Dashboard Week - Day 2
There’s a refrain I've heard more and more often since the generative AI revolution began:
“This is a solution looking for a problem”
Day 2 of Dashboard Week made me feel like someone with plenty of potential answers - looking desperately for a question. We were tasked with using any data available on UNICEF’s website to make a dashboard that analyzes an issue and tells a story. The amount of data that UNICEF makes available is huge, and covers an overwhelming breadth of topics and issue areas.
I spent the first 2 hours of a 5.5 hour project just trying to figure out how to focus my analysis and my dashboard - and I still ended up with a final product that was too broad.
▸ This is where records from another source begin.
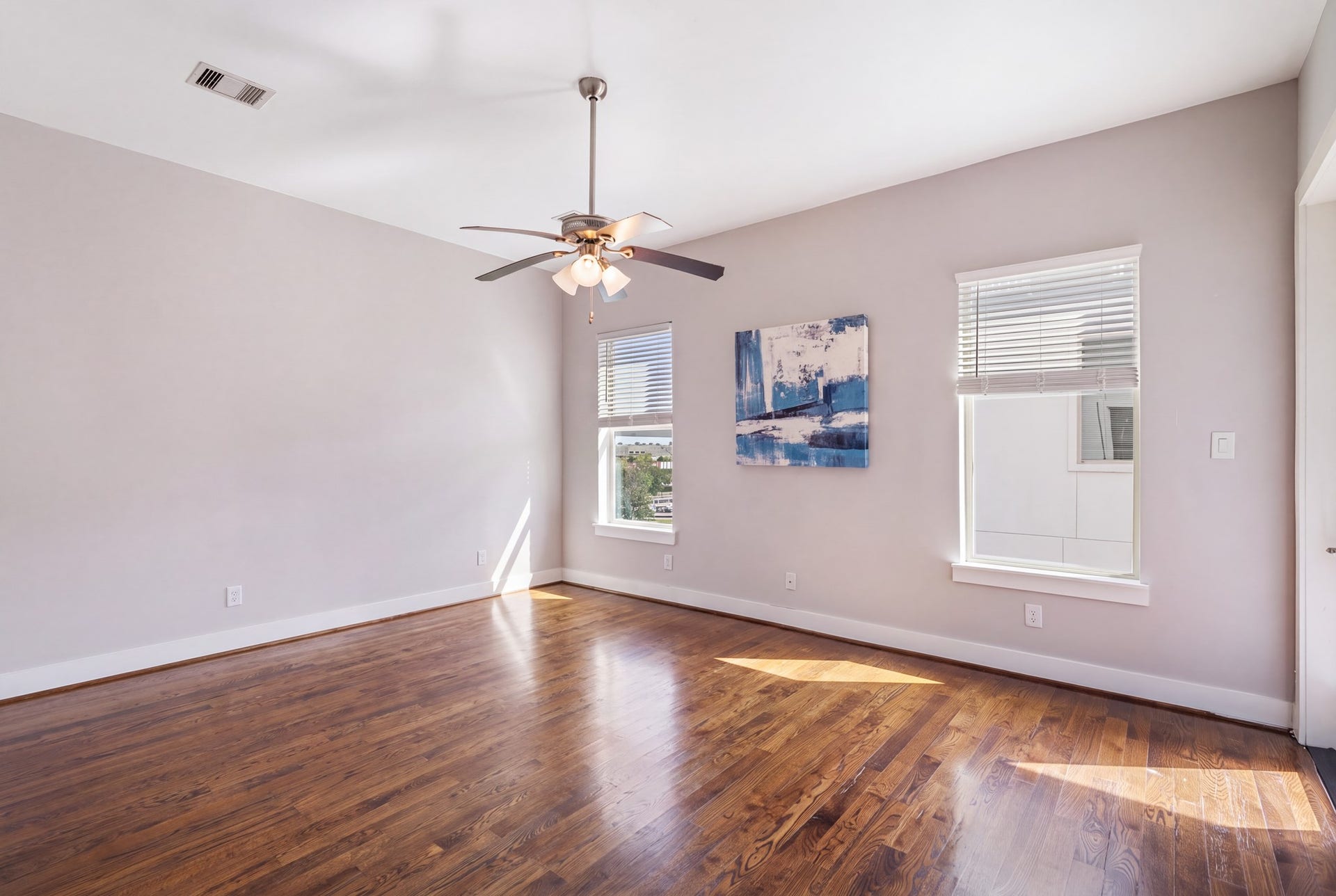 1005 Bingham Street, #5, Houston, TX 77007 Third floor primary bedroom with large windows for natural light.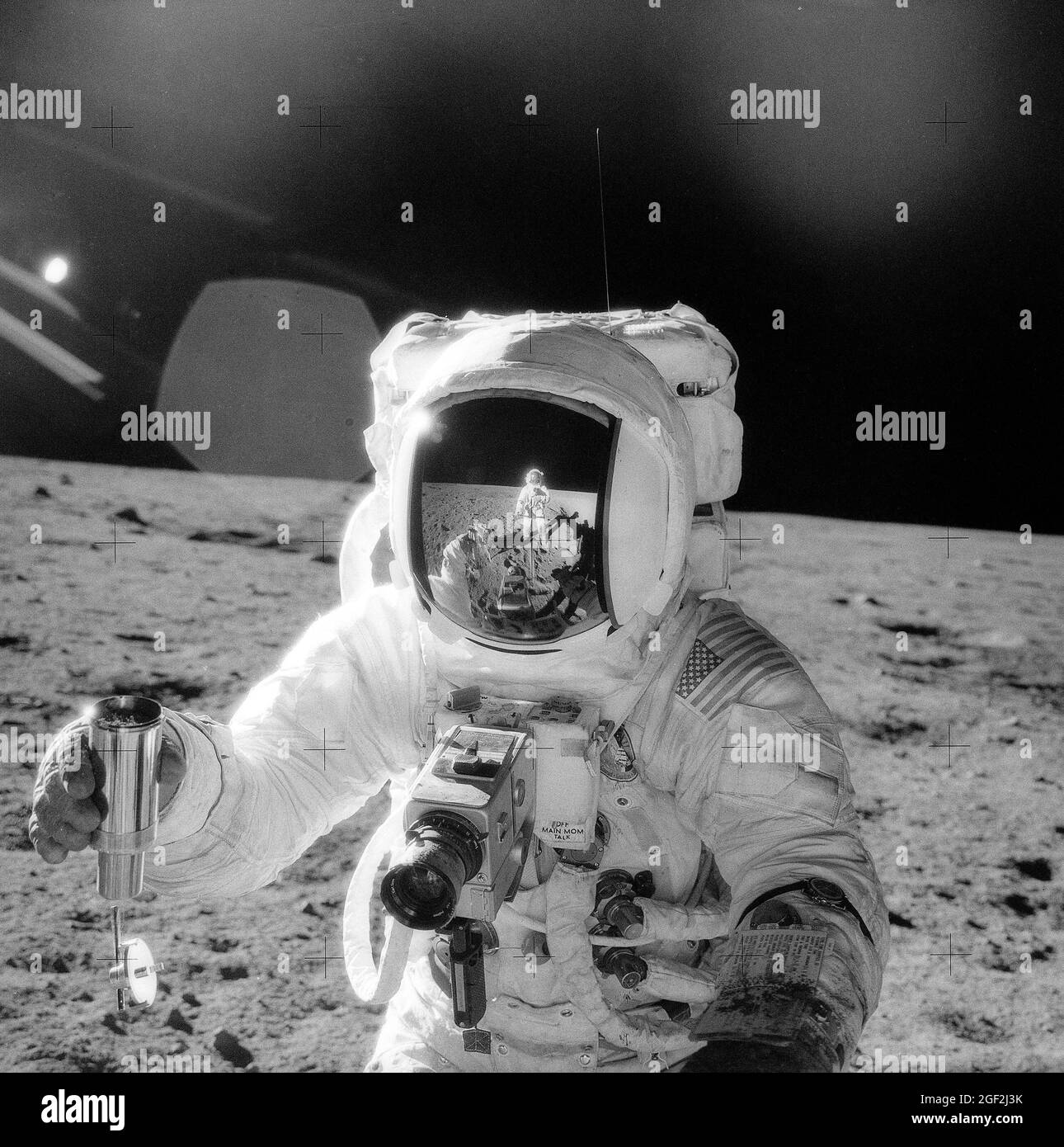 APOLLO 12 ASTRONAUT WITH CONTAINER OF LUNAR SOIL.  REFLECTION OF OTHER ASTRONAUT IN HIS HELMET. 1969-11-20 Stock Photo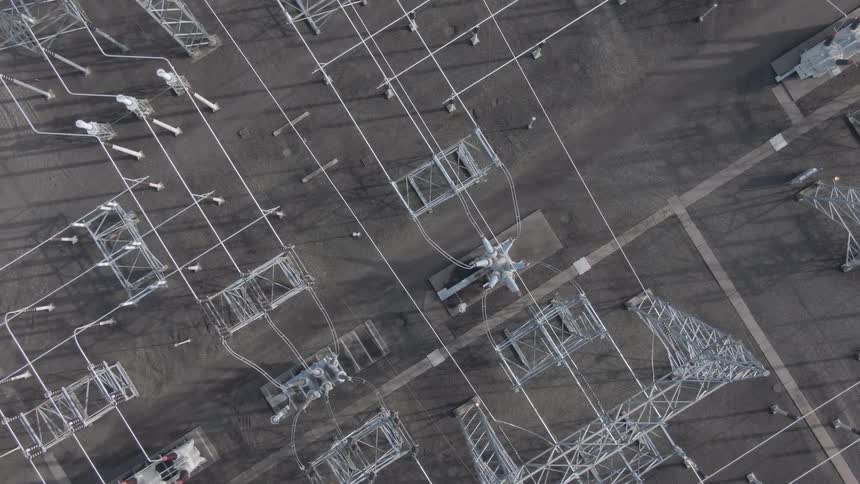 The electrical station is full of towers and wires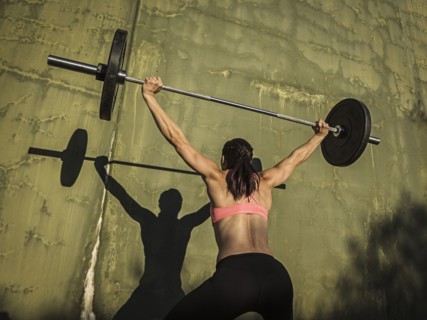 Woman weight lifting with barbell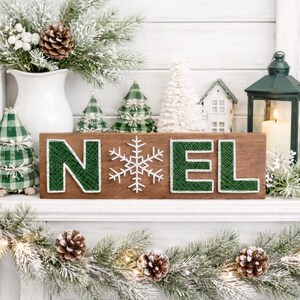 Peut inclure: Panneau en bois avec le mot "NOEL" en vert et un flocon de neige blanc. La sc&egrave;ne est orn&eacute;e de d&eacute;corations de No&euml;l, notamment des pommes de pin, de la verdure et de petits arbres d&eacute;coratifs. Une bougie allum&eacute;e est dans une lanterne verte.
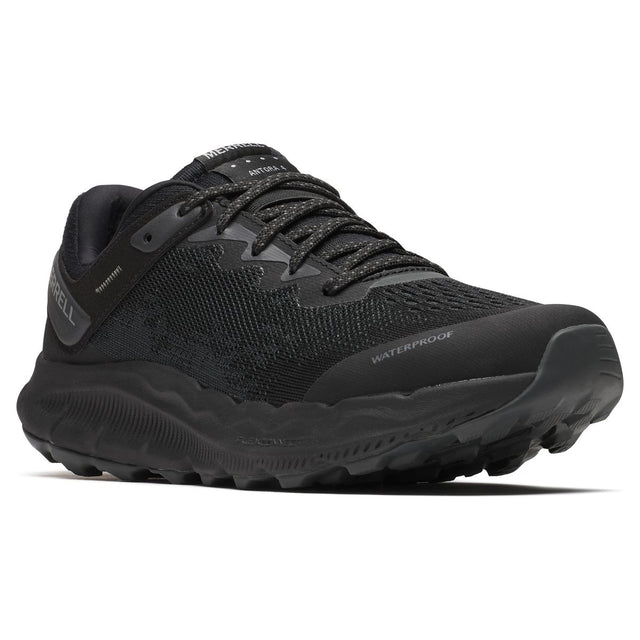 Women's black waterproof trail running shoe with durable mesh upper and rugged traction outsole. Style #J068442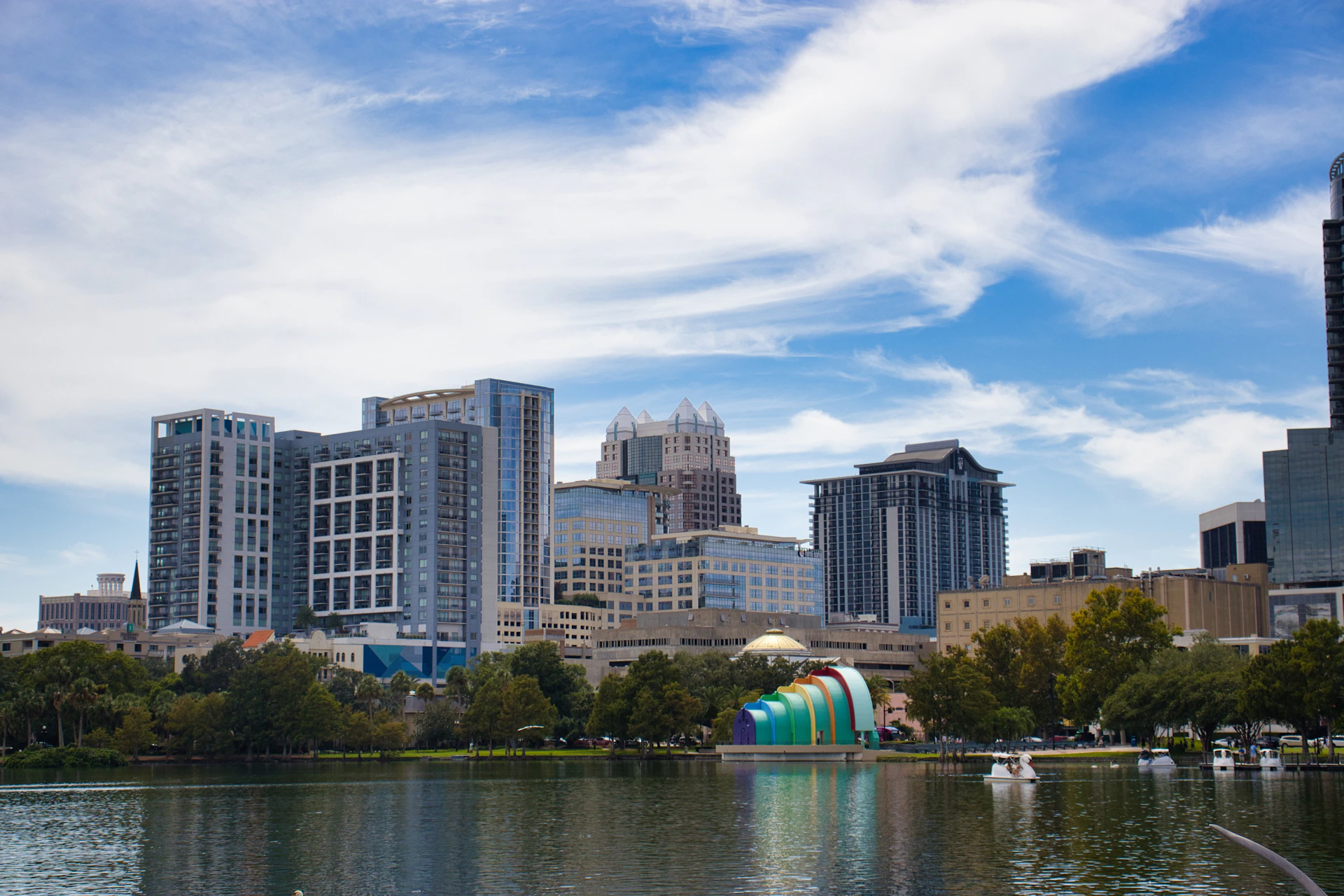 City skyline with lake and blue sky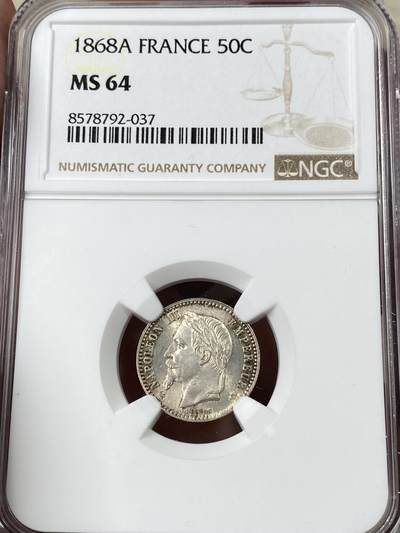 万国钱币拍卖第052期 - NGC MS64 1868年法国拿破仑三世50分皇冠银币 顶级十字转光收藏级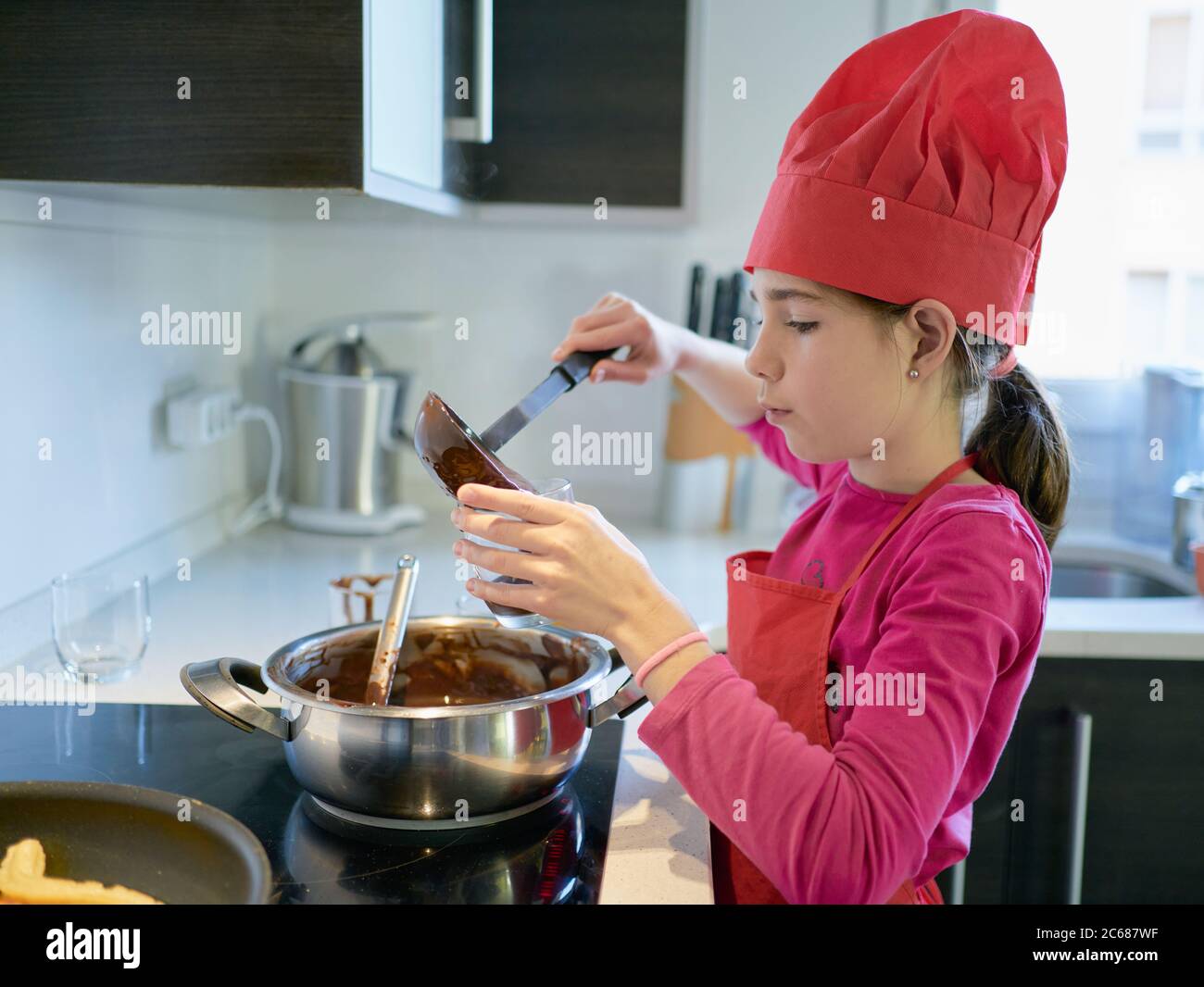 Mädchen in Kappe Gießen Schokoladensauce in Tasse während der Vorbereitung Dessert in der Küche Stockfoto Mädchen in Kappe Gießen Schokoladensauce in Tasse während der Vorbereitung Dessert in der Küche Stockfoto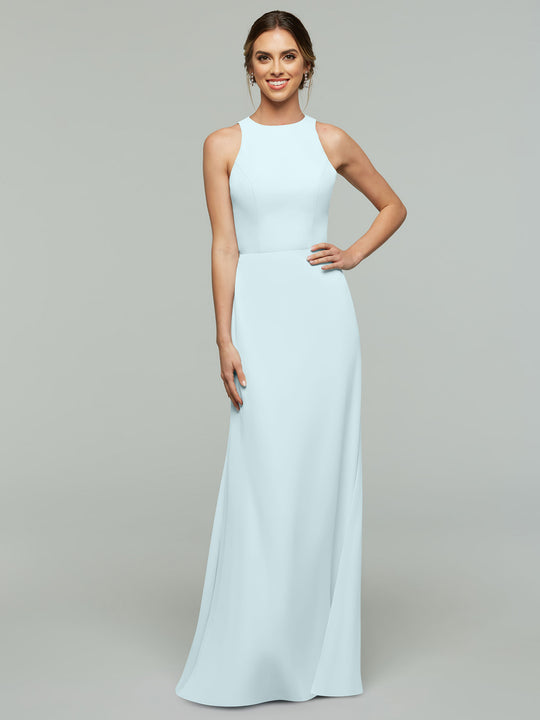 A woman poses against a plain gray background wearing Avery Austin’s 80175, a sleeveless, floor-length light blue A-line dress with a high neckline. She smiles confidently with one hand on her hip.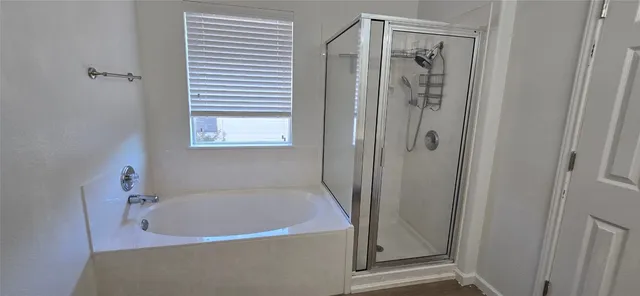a bathroom with a tub and shower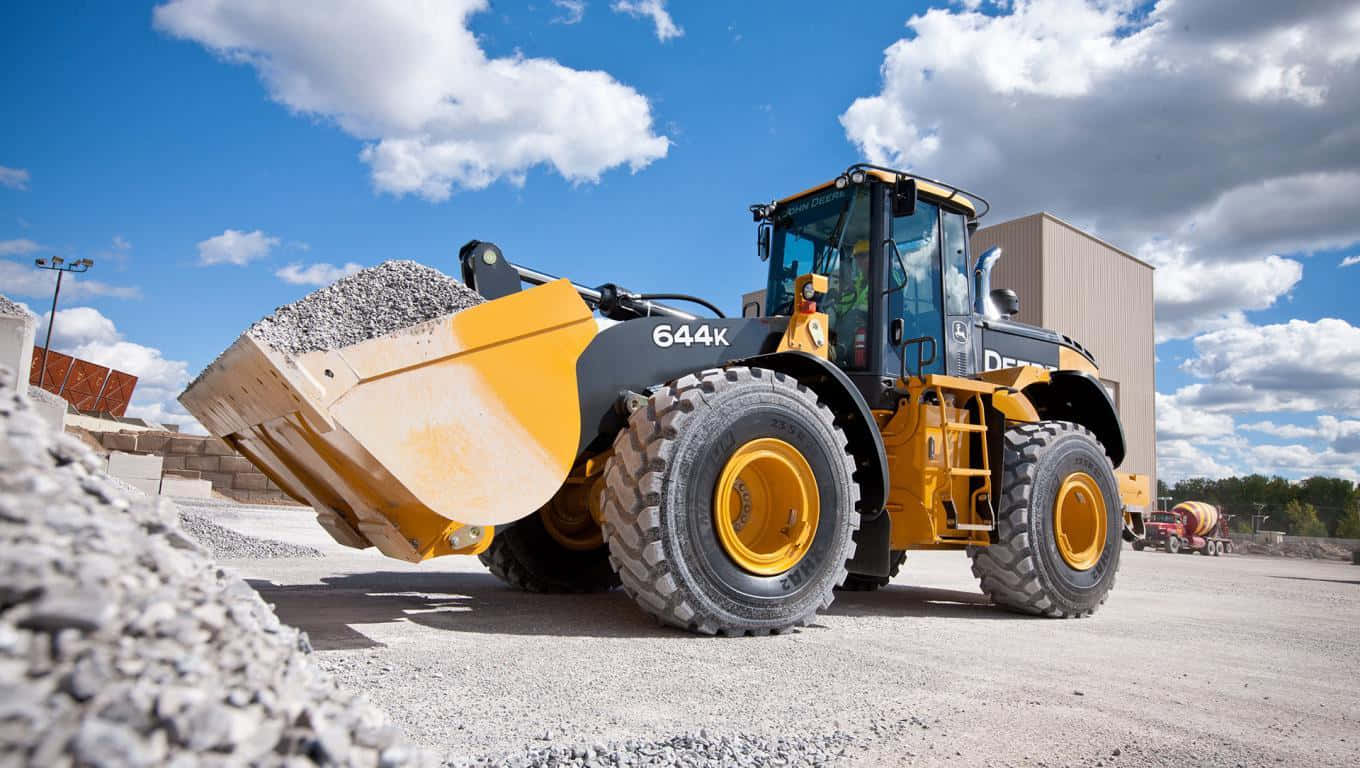 A Large Yellow Wheel Loader Is Parked On A Gravel Road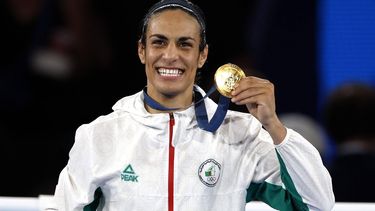 epa11541370 Gold medal winner Imane Khelif of Algeria poses on the podium of the Women's 66kg Final category of the Boxing competitions in the Paris 2024 Olympic Games, at Roland Garros in Paris, France, 09 August 2024.  EPA/MAST IRHAM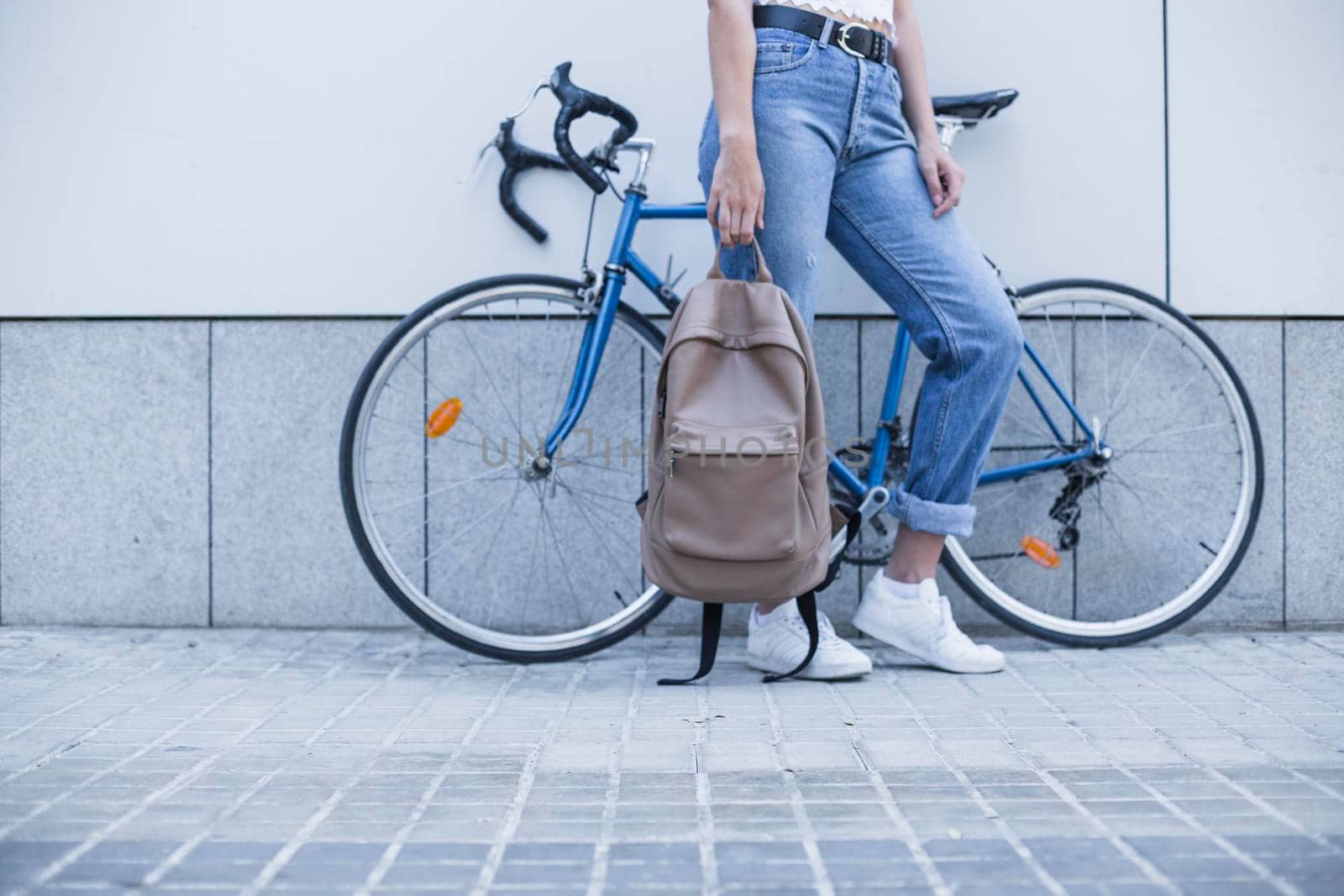 low section young woman standing near bicycle holding backpack. Beautiful photo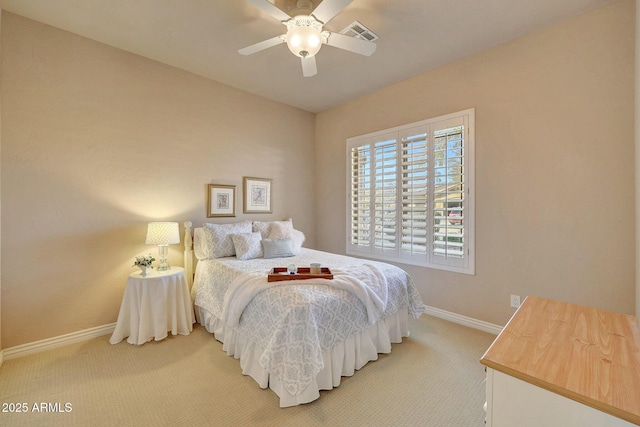 carpeted bedroom with visible vents, ceiling fan, and baseboards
There were some good lessons to learn in the process of trying to pare down seemingly limitless options into one concise HHmessage, though, and during presentation, discussion, and feedback time with my colleagues and our coach.
Research
Other people have likely done some kind of work - analysis, reporting, advocacy - around whatever broad issue(s) you’ve chosen to focus on. Take some time to find those articles or reports or whatever you can. You don’t have to read through them in detail, but even just reading headers and skimming can give you an idea of ways this data could be applied to answer impactful questions.
Ask your own questions - before doing anything else
Once you’ve found some datasets, look at the data and start asking questions. Ask as many as you can think of -broad, narrow, big, small- and don’t worry about if or how the data will actually be able to answer them. At least a few of the questions you ask will be answerable, and using them to help focus your next steps will work much better than searching blindly through the data for any insight you can find later on in the process.
Find answers and get specific
Take the questions above and try to see if the data can answer them. You’ll get a sense pretty quickly what will be possible and/or easy to answer, and those first questions will no doubt spawn new questions once you start digging in. The important thing to keep in mind at this stage is to try and keep your focus as narrow as you can, and start thinking about what kind of story you can tell with your questions and answers.
What is the user / viewer going to walk away thinking about?
Focus on the one idea, conclusion, fact that a user of your dashboard will retain after they’ve used your dashboard or seen your presentation. It should be concise and hopefully impactful enough that they won’t forget about your dashboard an hour after they’ve seen it.